New charges against four foremen end criminal probe of Aracoma fire
CHARLESTON, W.Va. -- Four Massey Energy foremen were charged Thursday with criminal mine safety violations in a move that federal prosecutors said ends their four-year probe of the fire that killed two workers at the company's Aracoma Alma No. 1 Mine in Logan County.
Those charged were Donald R. Hagy Jr., 47, of Gilbert; Terry L. Shadd, 37, of Chapmanville; Edward R. Ellis Jr., 38, of Justice; and Michael A. Plumley, 38, of Delbarton.
All four were charged as corporate agents of Massey's Aracoma Coal Co. subsidiary with failing to conduct required mine evacuation drills at the Aracoma Mine in 2005 and 2006, prior to the fatal January 2006 blaze.
Each was charged with one misdemeanor count through a document called an "information," typically an indication that the defendants are expected to plead guilty and have cooperated with prosecutors.
If convicted, each of the foremen faces a maximum sentence of one year in prison and a $100,000 fine, prosecutors said.
In a news release, U.S. Attorney Booth Goodwin said the filing of these charges "concludes the investigation" of the Aracoma fire that killed miners Don Bragg and Ellery Hatfield.
The charges come as prosecutors continue a criminal investigation of the April 5 explosion that killed 29 miners at Massey's Upper Big Branch Mine in Raleigh County, and on the same day another Massey miner died at White Buck Coal Co. -- a Massey subsidiary that pleaded guilty to a mine safety crime in 2007.
In an unrelated action, federal prosecutors also announced that they had filed felony charges against two surface mine truck drivers for allegedly falsifying training records at the Legacy Resources LLC Synergy Surface Mine No. 1 in Boone County.
John R. Wright, 65, of Whitman, and Jeffrey Potter, 44, of Crum, face maximum sentences of five years in prison and $250,000 fines if they are convicted.
"Coal is vital to this state's economy," Goodwin said in a prepared statement.
"These jobs support and put food on the tables of many hard working West Virginians," Goodwin said. "Workers shouldn't be forced to earn their living in illegal, unsafe conditions. We will continue to use every tool in our arsenal to hold accountable those who willfully violate safety standards in the workplace."
Massey's Aracoma Coal Co. subsidiary had already pleaded guilty in 2009 to 10 mine safety crimes, agreeing to pay a $2.5 million criminal fine as well as $1.7 million in civil penalties to resolve citations issued by the U.S. Mine Safety and Health Administration following the fire. Also, the Aracoma probe resulted in another foreman, David R. Runyon, pleading guilty to not conducting required evacuation drills and paying a $1,000 fine.
But a lawyer for the Bragg and Hatfield families issued a strongly worded statement Thursday afternoon that repeated the families' previous criticism of the government's decision not to try to prosecute anyone further up the Massey corporate ladder.

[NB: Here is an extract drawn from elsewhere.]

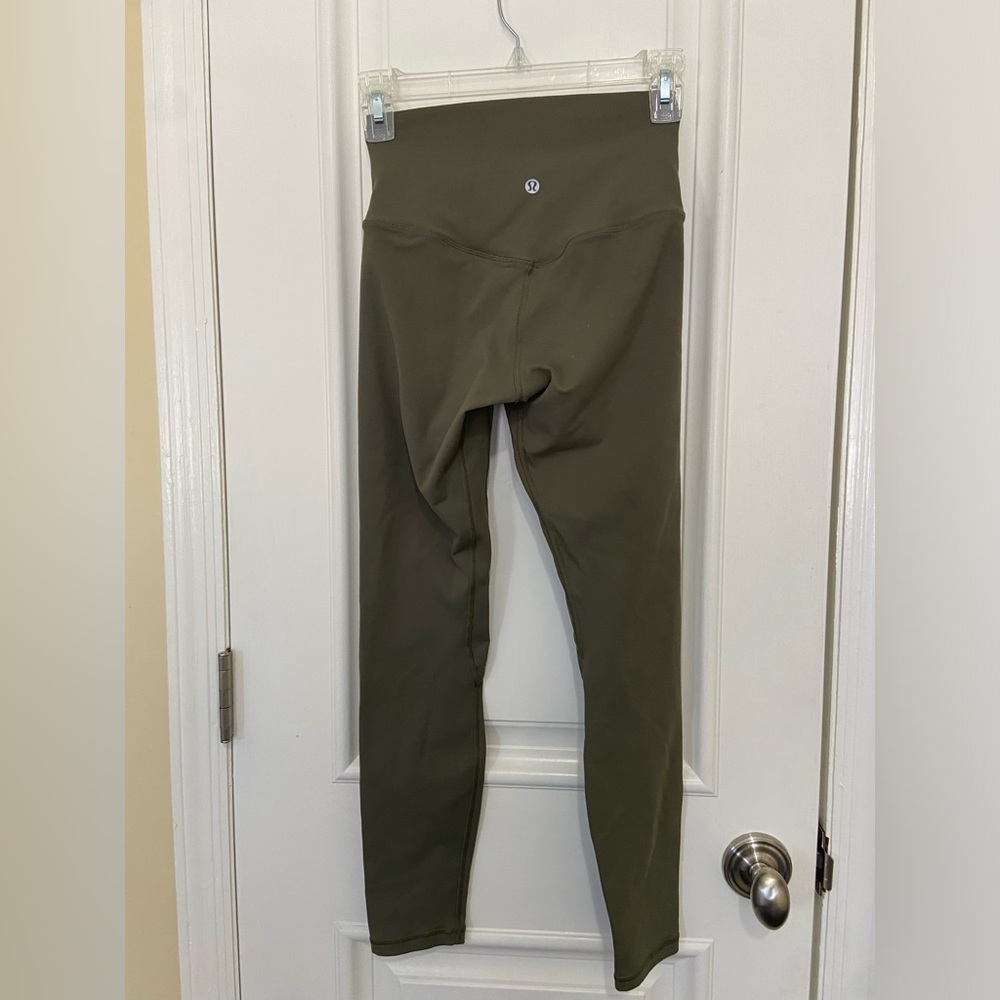 Lululemon leggings size 4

"U.S. Attorney Goodwin must tell Congress now -- while it's listening and before we have even more widows of dead miners -- why the current law is insufficient to pursue all persons responsible for widows of dead miners -- why the current law is insufficient to pursue all persons responsible for such blatantly criminal and deadly conditions," said Bruce Stanley, the families' attorney.
During the Jan. 19, 2006, fire, a crew of miners ran into thick, black smoke in their primary escape tunnel and had to try to find another way out of the mine. Two workers, Bragg and Hatfield, became separated from the group, got lost and eventually succumbed to the smoke.

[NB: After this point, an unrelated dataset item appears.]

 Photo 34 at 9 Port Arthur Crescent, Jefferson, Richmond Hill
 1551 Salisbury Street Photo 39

MSHA investigators cited a variety of major safety violations that led to the fire, including "prolonged operation" of a misaligned conveyor belt and allowing large spills of combustible coal dust and grease to build up on the belt.
But the criminal charges Aracoma pleaded guilty to focused on violations that hampered miners trying to evacuate the mine after the fire had started, and prosecutors said that Runyon's case also did not directly involve the circumstances related to the fire.
The charges filed against four more foremen on Thursday also focused on the Aracoma Mine's failure to conduct proper escapeway drills. While the charges filed Thursday did not blame the deaths on that inaction, one of the men charged -- Plumley -- was the foreman on the mine section where Bragg and Hatfield worked.
In a statement issued Thursday, MSHA chief Joe Main said, "Mine managers who shirk their responsibility for ensuring the safety of their miners will be held accountable using all available sanctions under the Mine Act."
Massey issued its own statement saying the company "takes the requirement to conduct escapeway drills seriously and will monitor this situation closely.
"We expect all of our miners to follow state and federal laws a swell as company policies, which are often more stringent," Massey said. "At the same time, we must recognize that the miners who have been charged have due process rights and are presumed innocent until proven guilty."